Prepare state space trajectories for a lexical analysis.

In [None]:
%load_ext autoreload
%autoreload 2

In [None]:
import os
os.environ["CUDA_VISIBLE_DEVICES"] = ""

In [None]:
from collections import Counter, defaultdict
import itertools
from pathlib import Path
import pickle
from typing import Any

import datasets
import matplotlib.pyplot as plt
import numpy as np
import pandas as pd
import seaborn as sns
from sklearn.decomposition import PCA
from sklearn.linear_model import RidgeCV
from sklearn.model_selection import train_test_split, cross_val_score
import torch
import transformers

from src.models import get_best_checkpoint
from src.analysis.state_space import StateSpaceAnalysisSpec
from src.models.integrator import ContrastiveEmbeddingModel, compute_embeddings

In [None]:
# model_dir = "out/ce_model_phoneme_within_word_prefix_6_32"
model_dir = "out/ce_model_random_32"

# use a word-level equivalence dataset regardless of model, so that we can look up cohort facts
equiv_dataset_path = "data/timit_equiv_phoneme_6_1.pkl"
timit_corpus_path = "data/timit_phonemes"
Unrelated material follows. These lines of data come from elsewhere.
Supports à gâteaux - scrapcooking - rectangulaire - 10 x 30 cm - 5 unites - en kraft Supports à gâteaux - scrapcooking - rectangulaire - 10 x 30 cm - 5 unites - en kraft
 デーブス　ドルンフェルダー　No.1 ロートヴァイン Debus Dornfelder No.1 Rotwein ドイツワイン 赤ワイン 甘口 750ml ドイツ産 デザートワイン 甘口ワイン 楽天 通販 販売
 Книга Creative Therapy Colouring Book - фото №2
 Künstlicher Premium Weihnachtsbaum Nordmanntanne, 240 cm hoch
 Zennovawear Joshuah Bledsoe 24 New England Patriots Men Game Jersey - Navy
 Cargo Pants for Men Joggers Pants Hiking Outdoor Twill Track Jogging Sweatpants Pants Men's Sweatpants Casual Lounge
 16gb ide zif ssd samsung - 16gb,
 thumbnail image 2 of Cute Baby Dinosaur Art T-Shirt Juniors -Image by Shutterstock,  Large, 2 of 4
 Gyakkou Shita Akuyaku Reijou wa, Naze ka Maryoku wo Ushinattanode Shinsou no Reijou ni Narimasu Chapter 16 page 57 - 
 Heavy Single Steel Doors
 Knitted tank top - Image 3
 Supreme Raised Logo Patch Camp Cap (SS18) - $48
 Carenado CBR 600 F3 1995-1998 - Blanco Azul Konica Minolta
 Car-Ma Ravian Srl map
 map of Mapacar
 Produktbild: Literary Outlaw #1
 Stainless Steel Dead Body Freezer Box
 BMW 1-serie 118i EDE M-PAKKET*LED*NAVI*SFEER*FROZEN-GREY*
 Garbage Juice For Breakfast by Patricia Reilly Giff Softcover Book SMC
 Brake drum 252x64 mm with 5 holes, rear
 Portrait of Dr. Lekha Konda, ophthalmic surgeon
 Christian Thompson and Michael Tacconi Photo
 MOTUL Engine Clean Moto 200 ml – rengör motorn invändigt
phoneme_response_window = (0, 3)

In [None]:
model = ContrastiveEmbeddingModel.from_pretrained(get_best_checkpoint(model_dir))
model.eval()

In [None]:
with open(equiv_dataset_path, "rb") as f:
    equiv_dataset = pickle.load(f)

In [None]:
timit_corpus = datasets.load_from_disk(timit_corpus_path)

In [None]:
all_phonemes = set([phone["phone"] for words in timit_corpus["train"]["word_phonemic_detail"]
 for word in words
 for phone in word])

In [None]:
cmudict_features = {
    "AA": "low back unrounded",
    "AE": "low front unrounded",
    "AH": "low central unrounded",
    "AO": "low back rounded",
    "AW": "mid back rounded",
    "AY": "high front unrounded",
    "B": "voiced bilabial plosive",
    "CH": "voiceless palato-alveolar affricate",
    "D": "voiced alveolar plosive",
    "DH": "voiced dental fricative",
    "EH": "mid front unrounded",
    "ER": "mid central unrounded",
    "EY": "mid front rounded",
    "F": "voiceless labiodental fricative",
    "G": "voiced velar plosive",
    "HH": "voiceless glottal fricative",
    "IH": "high front unrounded",
    "IY": "high front rounded",
    "JH": "voiced palato-alveolar affricate",
    "K": "voiceless velar plosive",
    "L": "voiced alveolar lateral approximant",
    "M": "voiced bilabial nasal",
    "N": "voiced alveolar nasal",
    "NG": "voiced velar nasal",
    "OW": "mid back rounded",
    "OY": "mid back rounded",
    "P": "voiceless bilabial plosive",
    "R": "voiced alveolar approximant",
    "S": "voiceless alveolar fricative",
    "SH": "voiceless palato-alveolar fricative",
    "T": "voiceless alveolar plosive",
    "TH": "voiceless dental fricative",
    "UH": "high back rounded",
    "UW": "high back rounded",
    "V": "voiced labiodental fricative",
    "W": "voiced labio-velar approximant",
    "Y": "voiced palatal approximant",
    "Z": "voiced alveolar fricative",
    "ZH": "voiced palato-alveolar fricative",
}
cmudict_features = {k: v.split() for k, v in cmudict_features.items()}

In [None]:
all_features = list(sorted(set(itertools.chain(*cmudict_features.values()))))
feature2idx = {f: i for i, f in enumerate(all_features)}

In [None]:
cmudict_feature_idxs = {k: [feature2idx[f] for f in v] for k, v in cmudict_features.items()}

In [None]:
feature_to_phonemes = {f: [k for k, v in cmudict_features.items() if f in v] for f in all_features}

In [None]:
assert all(type(label) == str for label in equiv_dataset.class_labels), "Assumes dataset with phoneme labels"

In [None]:
model_representations = load_or_compute_embeddings(model, equiv_dataset, model_dir, equiv_dataset_path)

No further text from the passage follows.